Port-forwarding means allowing for public access to this port to whoever has your IP address (or in many cases, as it is often referenced as "logon.domainname.com") for a certain service (which is being handled by whatever application is currently using the port I allow publically).
For example, I have two programs, one of them is an automatic backup uploading software, and a TrinityCore server. If both of them use the same port, I will need ONE of them to be offline while the other one works. In reality, they can't coexist if they are to function in sync with each other. However, if I intend to launch them independently, they will perform their duties based on a single port, which will give the port 2 different meanings, depending on the time of each day.
Since we often want things to run in sync with each other, we open more ports. This is a perfect example of servers with more than 1 server.
To open a server with 2+ realms, you will need additional ports (often using 8085+1 = 8086).
What if I have two IPs?
You can set up two different servers entirely based on one single machine split into two different IPs, each server takes a different IP. It all ends up with the configs & database settings.
What does Authserver have
Authserver is the application that stores the realmlist table, which as you recall, is where you set up all your connection settings in conjunction with the configs:
By having this application up & running (as a side note, I've never encountered an authserver crash) you allow players the ability to view your public realms.

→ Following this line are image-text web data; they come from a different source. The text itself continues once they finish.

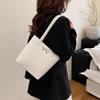Bolso de mano bandolera de gran capacidad de cuero encerado al aceite transfronterizo para mujer 2025 Nuevo bolso de mano bandolera simple Bolso tote de hombro Bolso de moda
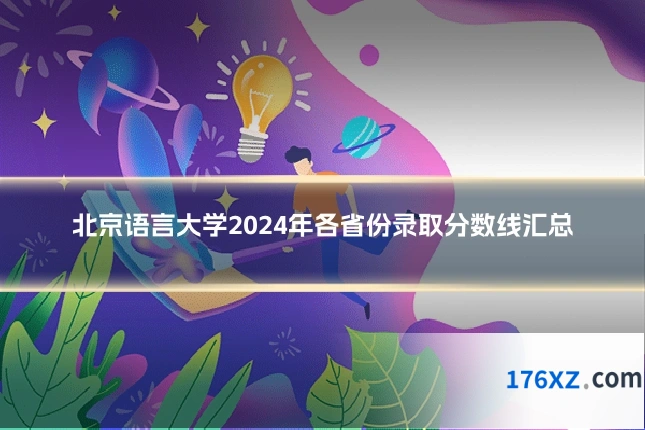 北京语言大学2024年各省份录取分数线汇总
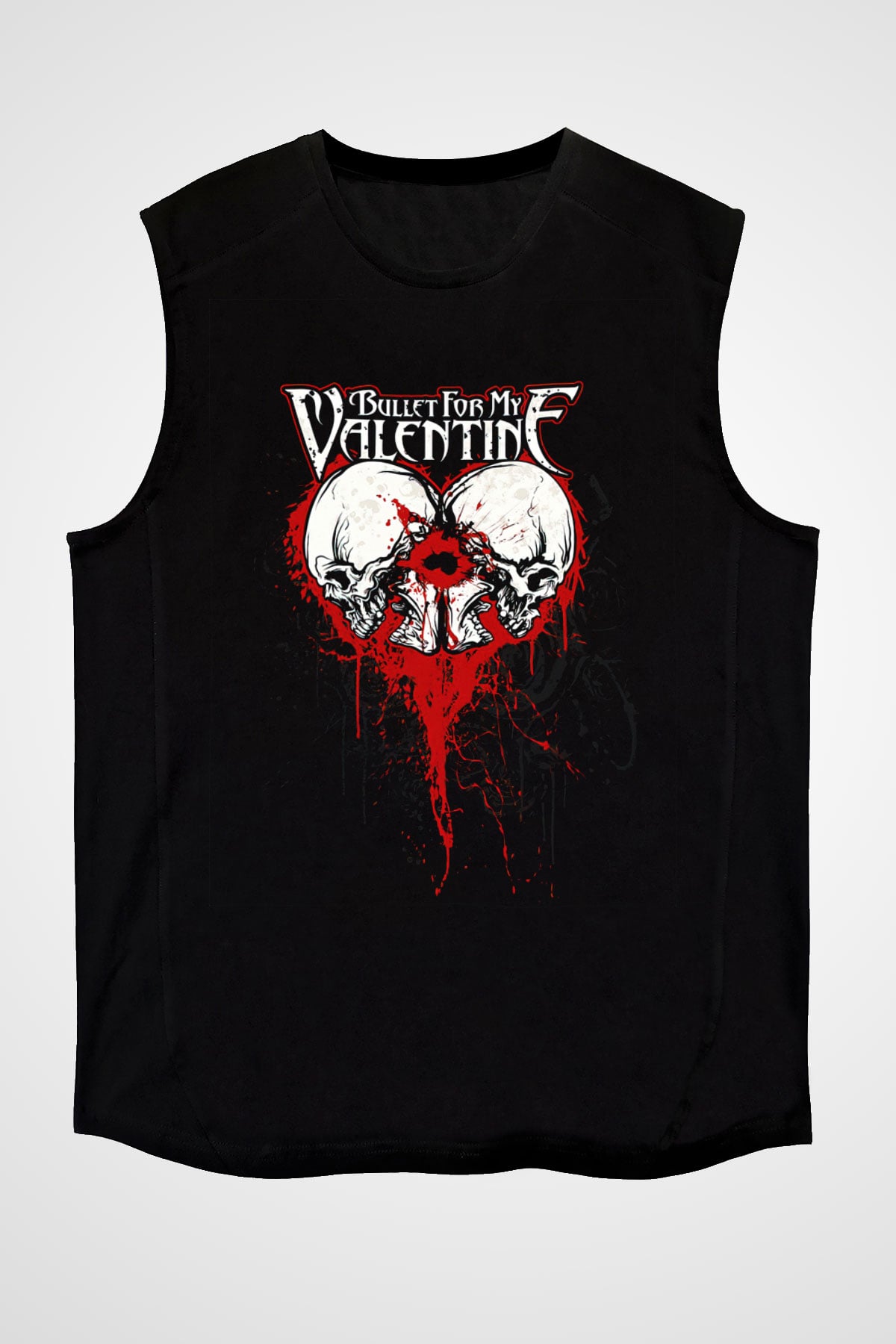 Bullet for My Valentine Siyah Unisex Kolsuz Tişört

How do you know which realm is public?
If assuming you have multiple realms, you can set only one of them as publically available while keeping another realm entirely hidden. That is not what a test realm is for, though. It will not be accessible to anyone, even you if you are using a remote server!
It's simple. At this point, the default ports play a huge role. Once you open up your WoW client, a few things are happening:
WoW client is getting the address from the realmlist.wtf file (which is where you set up different servers' realmlist & connect to different servers).
WoW client has resolved the realmlist's IP address and is now sending checkup packets: which port is the authserver, which will forward him to the available realms (worldservers).
From there, each realm will be presented and let the player choose which realm he wishes to connect to.
If I want to let someone get access to my database?
-- to be updated, need to go --
What if I want to enable SOAP / RA on my server?
Repeat the same process as you have with the beginning of this thread but use the listed ports for SOAP/RA. Use the provided site to test if they're up.
Search in the configs for SOAP/RA enable/disable settings and their default port in case it's different for whatever reason on your configs.
Please note: these settings are not adjustable with .reload config and require a thorough restart. If you encounter any crashes it's because you are already using one of these ports, so be sure your default ports are clear for the job.
In order to access the login verification step, you must have port 3274 open.
In order to access the available realm(), you must have port 8085 (and any other ports you've setup in advance) open.
If you have more than 1 realm, you must have any custom port you set up in the auth.realmlist table & worldserver.conf! Be sure you port that custom port forward as well.
Note: it is common to have ports 8085, 8086, and 8087 open if you want to have 3 realms. Basically, 8085+1 & onwards.
It is very practical to replace each of the following ports with your own custom ones, but the default ports are working just fine, so might as well take advantage of it.